All three of these movies potray people who, through their actions, seek to destroy the world, whether that’s their intention or not. They are important movies, and the statements they make are, at this point, very relevant and worth thinking about, but there needs to be a balance to these statements, there needs to be a solution offered to the problems they highlight. This is why, despite the awesome impact you are left with after The Dark Knight, you will probably come away with some feeling of hopelessness as well.

In a different, but related vein, the direction in which Nintendo has been taking its Wii console, and subsequently the market it is pursuing, differs greatly from that of the other two major video game console manufacturers, Sony and Microsoft. From the start, the Wii has been about multi-player gaming; Nintendo has made games that are easy for almost anyone to pick up and get into right away, and has also done well in making their games accessable to people of every age group and demographic. Many of their games take advantage of the Wii’s distinctive motion-sensing control scheme, which can include swinging the controller like a golf club, aiming it like a gun, or shaking it like a bottle of soda pop. These motion controls tend to make the gameplay experience fun and unique, and have reminded many people of just how enjoyable two-player gaming can be. In doing this, they’ve gone a long way to offer an alternative to the average video game experience.

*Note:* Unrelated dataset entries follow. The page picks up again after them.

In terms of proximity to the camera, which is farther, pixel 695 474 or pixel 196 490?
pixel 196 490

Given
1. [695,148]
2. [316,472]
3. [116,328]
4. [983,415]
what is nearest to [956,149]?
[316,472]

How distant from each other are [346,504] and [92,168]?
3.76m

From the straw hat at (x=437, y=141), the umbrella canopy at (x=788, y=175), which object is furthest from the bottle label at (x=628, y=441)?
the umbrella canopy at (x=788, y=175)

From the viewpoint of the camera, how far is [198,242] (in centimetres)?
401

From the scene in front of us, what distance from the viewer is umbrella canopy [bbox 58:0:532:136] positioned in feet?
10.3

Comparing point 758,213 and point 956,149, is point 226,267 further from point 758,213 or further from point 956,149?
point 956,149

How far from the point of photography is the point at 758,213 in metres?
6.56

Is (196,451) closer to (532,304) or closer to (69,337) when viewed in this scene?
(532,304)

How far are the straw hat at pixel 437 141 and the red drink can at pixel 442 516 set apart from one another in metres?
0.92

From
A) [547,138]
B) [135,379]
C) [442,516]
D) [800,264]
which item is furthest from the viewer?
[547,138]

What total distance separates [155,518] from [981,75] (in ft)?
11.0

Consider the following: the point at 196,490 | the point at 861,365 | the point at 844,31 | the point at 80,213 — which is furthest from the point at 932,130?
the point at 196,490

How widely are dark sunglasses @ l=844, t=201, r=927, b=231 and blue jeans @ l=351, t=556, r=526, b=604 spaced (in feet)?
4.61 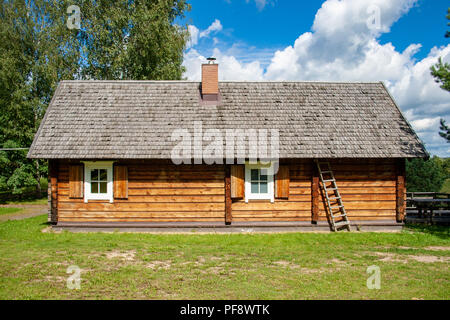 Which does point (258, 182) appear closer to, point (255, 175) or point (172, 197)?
point (255, 175)

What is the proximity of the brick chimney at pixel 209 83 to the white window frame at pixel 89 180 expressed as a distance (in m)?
4.72

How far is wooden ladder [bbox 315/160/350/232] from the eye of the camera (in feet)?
37.1

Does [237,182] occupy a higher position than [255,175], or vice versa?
[255,175]

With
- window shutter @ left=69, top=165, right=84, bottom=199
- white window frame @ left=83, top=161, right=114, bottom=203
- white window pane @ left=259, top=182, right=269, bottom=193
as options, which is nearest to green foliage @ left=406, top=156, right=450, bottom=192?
white window pane @ left=259, top=182, right=269, bottom=193

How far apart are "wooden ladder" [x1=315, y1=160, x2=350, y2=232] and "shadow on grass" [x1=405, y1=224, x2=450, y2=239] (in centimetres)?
286

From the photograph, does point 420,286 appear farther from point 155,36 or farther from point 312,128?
point 155,36

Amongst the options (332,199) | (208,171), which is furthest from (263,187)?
(332,199)

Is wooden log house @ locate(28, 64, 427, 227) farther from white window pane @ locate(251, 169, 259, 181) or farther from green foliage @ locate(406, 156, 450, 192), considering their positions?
green foliage @ locate(406, 156, 450, 192)

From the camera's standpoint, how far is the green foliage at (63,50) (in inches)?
815

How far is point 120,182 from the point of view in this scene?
37.1 ft

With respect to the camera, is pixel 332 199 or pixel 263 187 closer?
pixel 332 199

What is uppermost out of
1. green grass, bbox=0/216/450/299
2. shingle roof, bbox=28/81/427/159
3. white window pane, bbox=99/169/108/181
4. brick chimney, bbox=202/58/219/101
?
brick chimney, bbox=202/58/219/101

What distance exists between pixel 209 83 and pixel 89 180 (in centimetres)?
602

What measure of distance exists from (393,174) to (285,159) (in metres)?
4.14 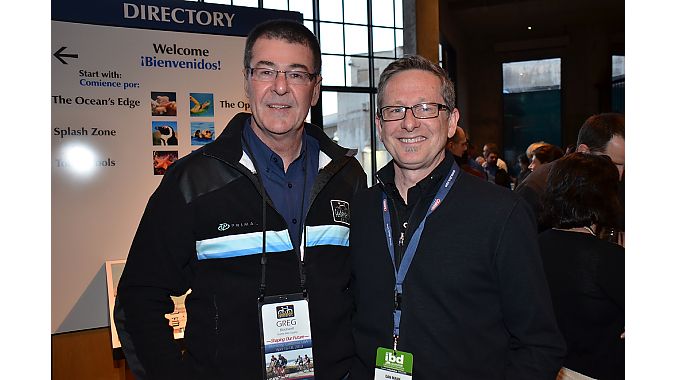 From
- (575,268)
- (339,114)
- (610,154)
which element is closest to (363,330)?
(575,268)

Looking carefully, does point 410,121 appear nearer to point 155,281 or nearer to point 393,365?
point 393,365

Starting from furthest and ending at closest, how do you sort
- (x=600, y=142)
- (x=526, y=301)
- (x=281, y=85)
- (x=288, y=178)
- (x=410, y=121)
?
(x=600, y=142), (x=288, y=178), (x=281, y=85), (x=410, y=121), (x=526, y=301)

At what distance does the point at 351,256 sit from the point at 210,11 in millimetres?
2698

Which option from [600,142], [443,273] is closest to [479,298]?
[443,273]

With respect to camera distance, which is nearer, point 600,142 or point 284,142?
point 284,142

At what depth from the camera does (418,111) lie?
1680 millimetres

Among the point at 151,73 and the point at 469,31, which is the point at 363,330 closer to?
the point at 151,73

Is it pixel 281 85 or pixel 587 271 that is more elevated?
pixel 281 85

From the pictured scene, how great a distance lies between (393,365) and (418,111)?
2.41 ft

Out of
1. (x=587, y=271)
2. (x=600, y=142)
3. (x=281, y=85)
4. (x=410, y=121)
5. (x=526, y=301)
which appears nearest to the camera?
(x=526, y=301)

Nintendo has also encouraged mental fitness with the introduction of Brain Age, a daily brain training game for the Nintendo DS handheld system. The game consists of several daily tests that seek to help you improve the age at which your brain performs, or your “brain age”, with higher ages being not so good, and 20 being optimal. In addition to that, Nintendo has also introduced Wii Fit, an exercise-oriented game which introduces a new “balance board” peripheral that the user stands on and moves this way or that while the board senses which way they are balancing. Innovations like this do much to demonstrate Nintendo’s distinctive style and approach to the video game market.

In their own ways, Pixar and Nintendo are seeking to improve the world by utilizing the formulas that they have used to build their reputations. The one of a kind approach that they take to their respective industries demonstrates that there are still innovators working to save us from ourselves, and while I realize that they are both companies doing what they can to make money, it’s good to see that in an age and in an industry where the standard is to continually leverage profit by making things BIGGER and BETTER, there are still some companies who take pride in their work, and refuse to lower the standards they have set for themselves.

No More Heroes

Watching The Dark Knight a second time caused me to have an insight.

There are no more heroes, and maybe there never were. There are merely people willing to step up and do the right thing, at the right time.

The phrase, “no more heroes” particularly struck me, and it wasn’t because it’s also the name of a crazy Japanese video game. I don’t know if I actually believe this thing yet, and it will probably take a while to fully unpack it, but I wanted to throw it out here to see what other people thought.